2Posting by Eric Fletcher, CPA

For most large businesses, the personal financial needs of their shareholders, partners or members are of little concern.  Obviously, there is a market incentive to maximize the value of the company, thus enriching the owners, but the impact that the income or appreciation of the company has on the shareholders does not have to be a principal concern of management.  The exact opposite is true for the family business, where the finances of the company and its owners are almost inextricably bound.

For the small enterprise where ownership is concentrated in a tight circle of family members, the challenge of balancing the needs of the business and its owners is somewhat easier in that there are typically less barriers to communication between the owners and management.  In fact, they are oftentimes the same individuals.

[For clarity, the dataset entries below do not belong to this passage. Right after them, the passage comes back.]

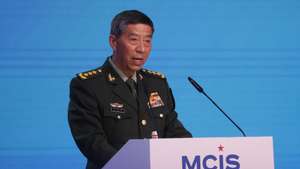 epa10801274 Chinese Defence Minister Li Shangfu delivers his speech at a session of the 11th Moscow Conference on International Security (MCIS) during the International Military-Technical Forum Army-2023 held at the Patriot Park in Kubinka, outside Moscow, Russia, 15 August 2023. The International Military-Technical Forum Army-2023 is held from 14 to 20 August 2023 at Patriot Expo, Kubinka Air Base and Alabino military training grounds.  EPA/YURI KOCHETKOV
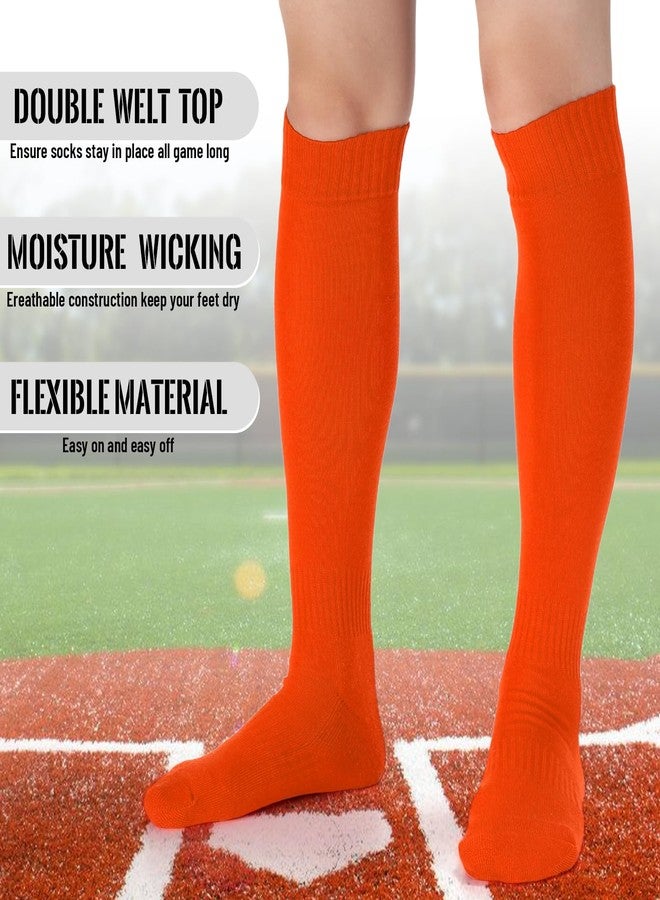 Regilt 24 Pairs Kids Youth Soccer Baseball Socks, Bulk Softball Football Team Socks Knee High Tube Sock (US, Alpha, Medium, Regular, Regular, Orange) - Image 4
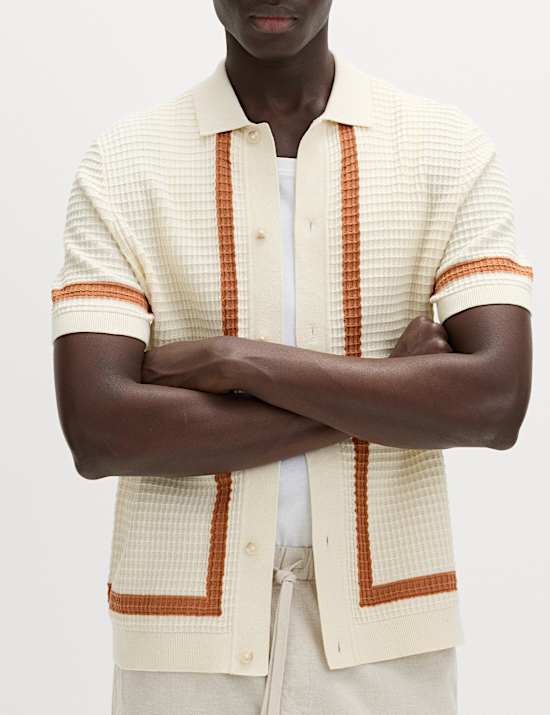 Pure Cotton Tipped Knitted Polo Shirt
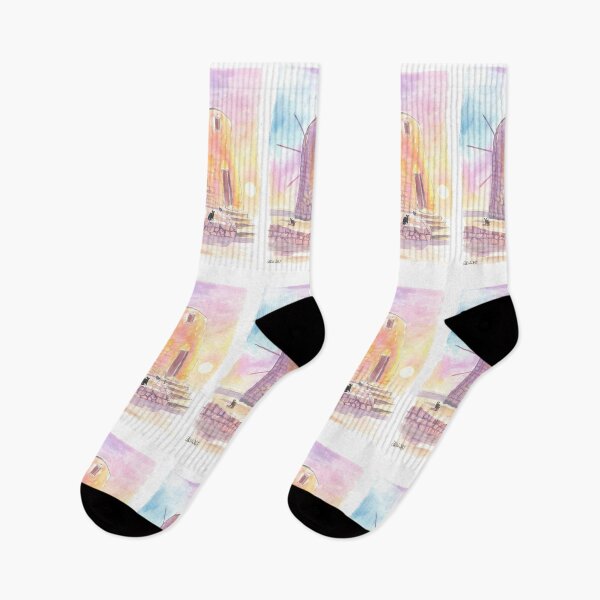Item preview, Charming Greek Island Windmill Mediterranean at Sunset with Cats designed and sold by artshop77.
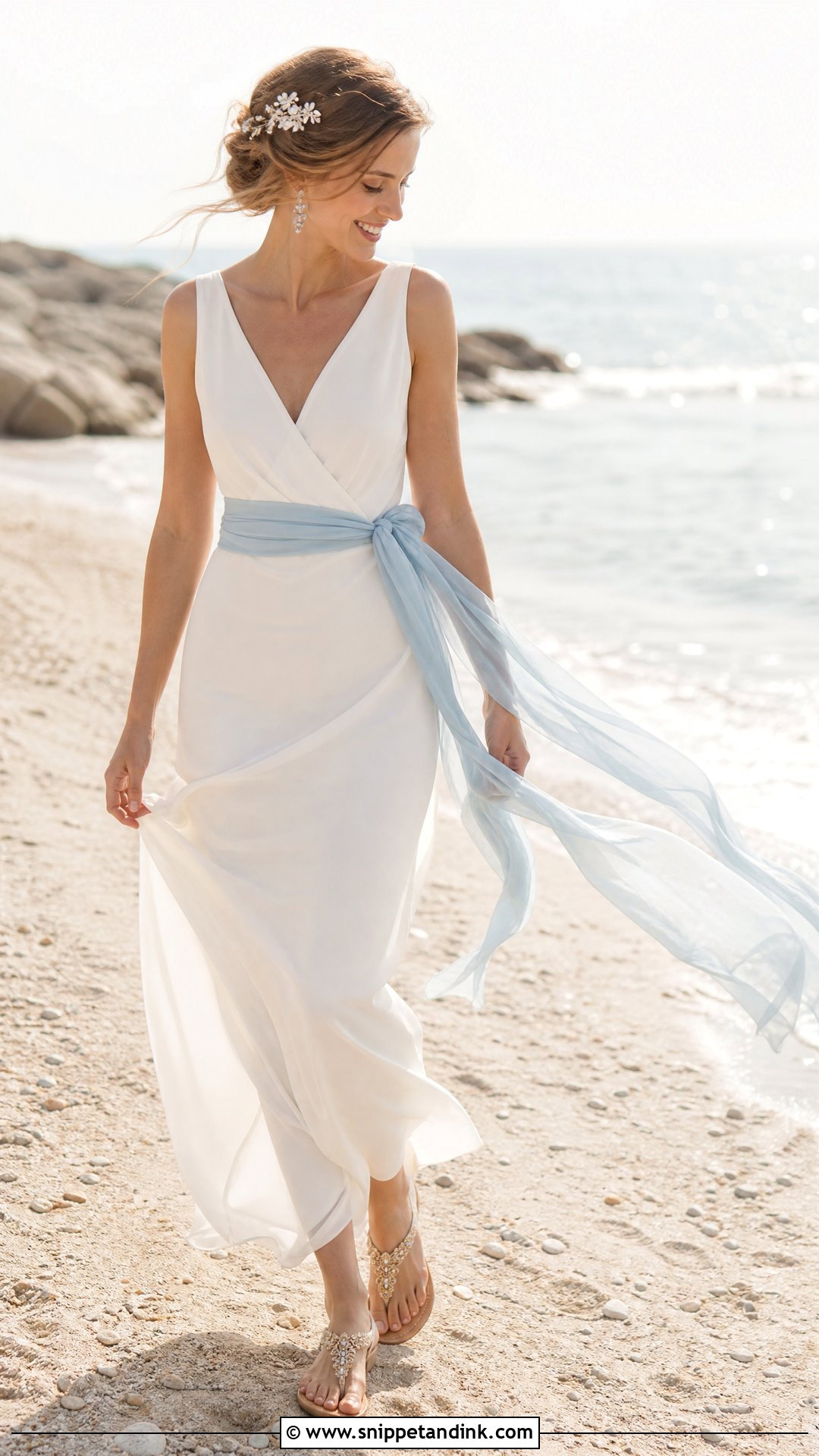 Beach Wedding Dress with Chiffon Sash - Snippet and Ink - 20 Wedding Dress with Belt Ideas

For larger, more mature organizations or companies where ownership has become more dispersed to include non-active owners and professional management, it is probable that management has a very limited understanding of the financial needs of the owners or of their ability to satisfy these needs from sources outside of the company.  Owners are likely reluctant to share too much of their personal situation with “outsiders.”

Regardless of the size of the family business, there are going to be instances where the owners are likely going to look to the company to provide cash flow.  These instances may be directly related to ownership of the company, such as distributions to cover income taxes generated by pass-through income or to help provide liquidity in the event of an estate tax liability upon the death of the owner.  The cash needs of the owners may also be related to more personal matters such as costs of education or retirement, purchase of real estate or other investments.  No matter what the reason, these needs can become a strategic problem for the business and should be viewed as such in the long-term planning of the company.

As much as possible, the needs of the owners should be incorporated into the cash flow planning and strategic goals of the family business.  Of course in order to plan accordingly, the owners have to plan for themselves and share this information with management.  In larger organizations, professional managers or distant relatives are often reluctant to inquire about the personal finances of owners.  In a family business setting, it is crucial that they overcome this reluctance.  Wherever possible, professional managers and outside advisors should attempt to identify and incorporate the long-term plans of the owners into the strategic plan of the family business.  These professionals may also need to consider if they should take on an education role with the owners in order to facilitate proper consideration for the challenges to be faced.

Family business owners, managers and professional advisors must always be mindful of the unique nature of the enterprises they serve.  While this uniqueness can be made into strength, it also can create special and challenging problems that must be addressed if the business is to prosper and thrive for generations to come.  Communication, education and planning are key elements of success.